((

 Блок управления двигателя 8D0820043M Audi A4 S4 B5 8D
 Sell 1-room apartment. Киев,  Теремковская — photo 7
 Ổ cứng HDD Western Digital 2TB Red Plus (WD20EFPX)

))
((

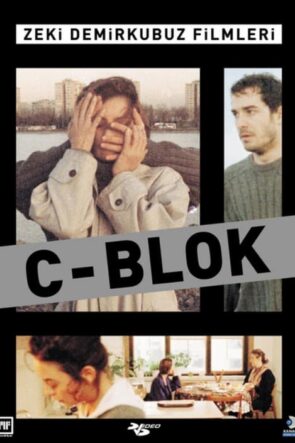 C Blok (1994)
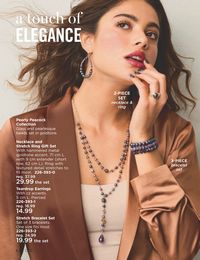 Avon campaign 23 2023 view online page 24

))

● **Activity**
From the material above, reproduce only what runs from the line holding "C Blok (1994)" down to the line holding "Avon campaign 23 2023 view online page 24", both included, pictures excluded.

● **Solution for this task**
 C Blok (1994)
 Avon campaign 23 2023 view online page 24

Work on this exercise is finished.